BEIRUT — The U.S.-led coalition and local officials said Saturday that Syrian Islamic State fighters and civilians will be allowed to evacuate Syria’s Raqqa, in a deal that signals the imminent capture of the city but flouts earlier U.S. protests of negotiating safe exits for the extremist group.

Foreign fighters will be excluded from the evacuation deal, the coalition said.

The Syrian military also announced that its forces and allied fighters have seized the town of Mayadeen, an Islamic State stronghold in the country’s east.

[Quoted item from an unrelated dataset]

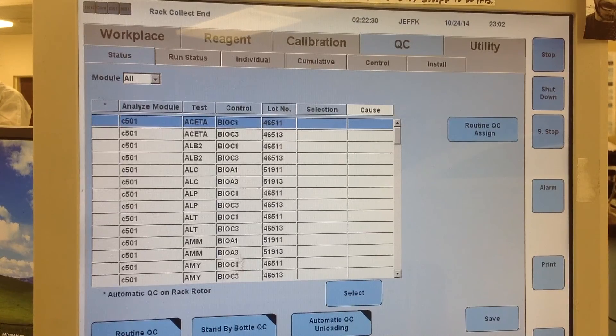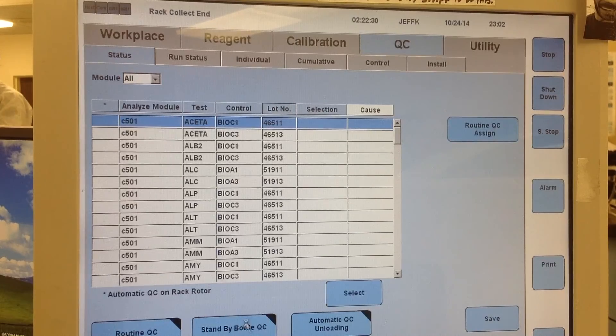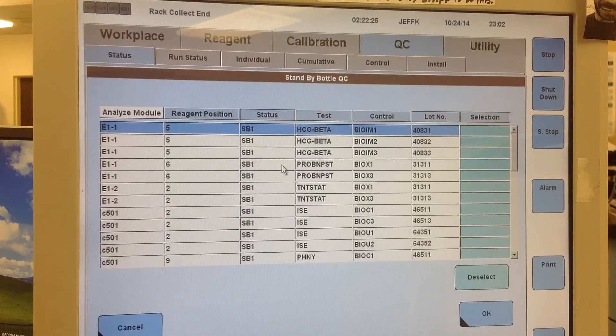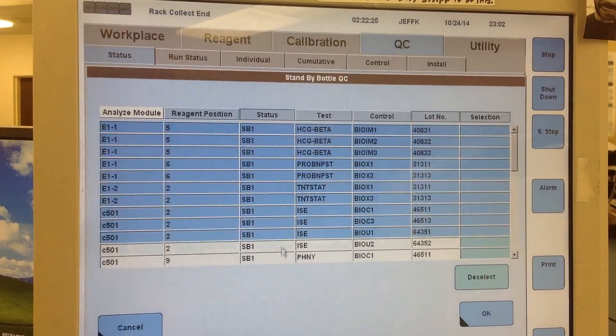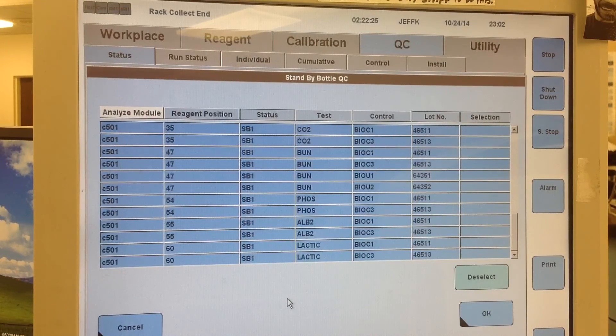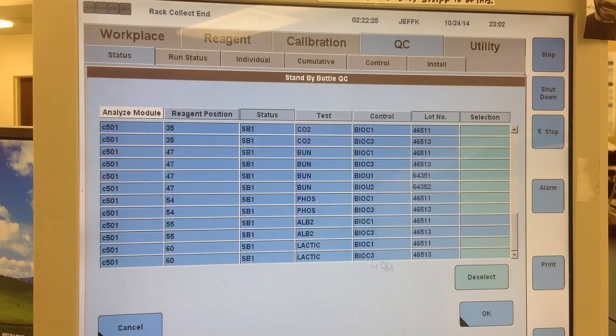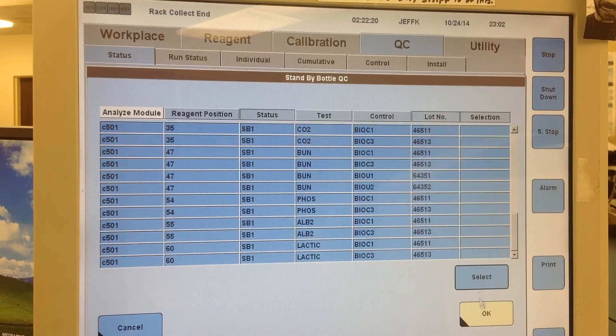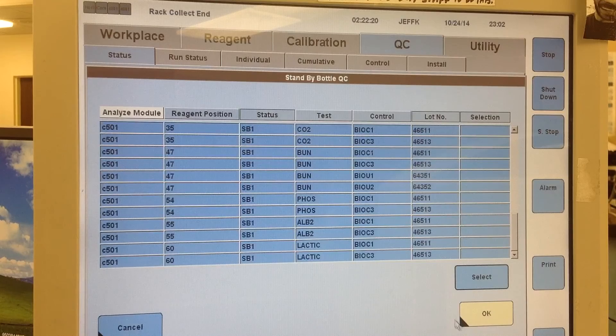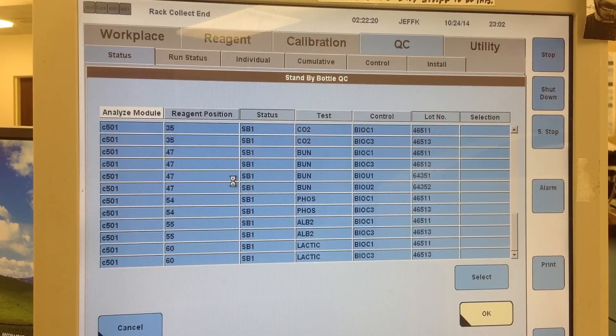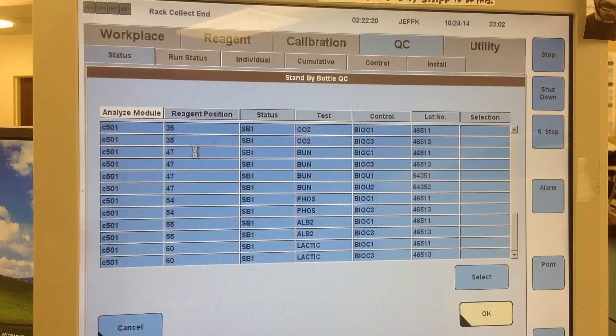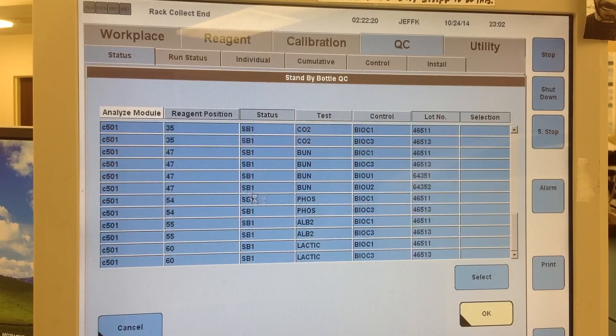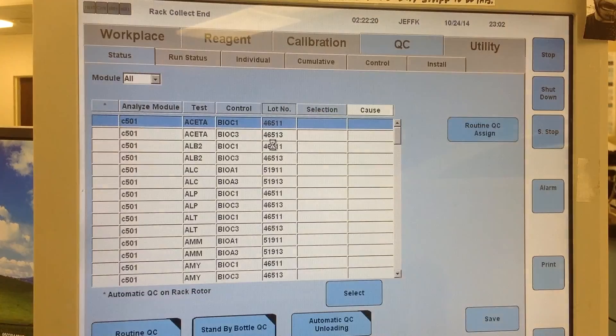You can select standby packs by going to the standby bottle QC. I have all these ordered from earlier, so I'm going to unorder them by highlighting everything, clicking deselect, and then OK, and that will unorder all the QC in my standby packs.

With the fall of Mayadeen and retaking of Raqqa, Islamic State fighters are losing two of their last strongholds in Syria as their self-declared caliphate crumbles. The militants are currently besieged in the city of Deir el-Zour, leaving them with one last major urban bastion, the strategic town of Boukamal, on the border with Syria and Iraq.

Over the past months, Mayadeen had become a refuge for the Islamic State’s leadership as they faced an intense crackdown in Syria and Iraq.

Mayadeen, on the western bank of the Euphrates River, was also a major node in the race for control of the oil-rich eastern Deir el-Zour province that straddles the border with Iraq. Washington fears advances by Syrian troops and allied fighters could help Iran expand its influence across the region and establish a “Shiite corridor” of land links from Iraq to Lebanon, and all the way to Israel. Iran backs militias fighting alongside the Syrian military.

Diverting fighters from the battle for Raqqa, the U.S.-backed Syrian Democratic Forces made a bid for the province to secure territories there, focusing on securing the Iraq border, still mostly controlled by the Islamic State.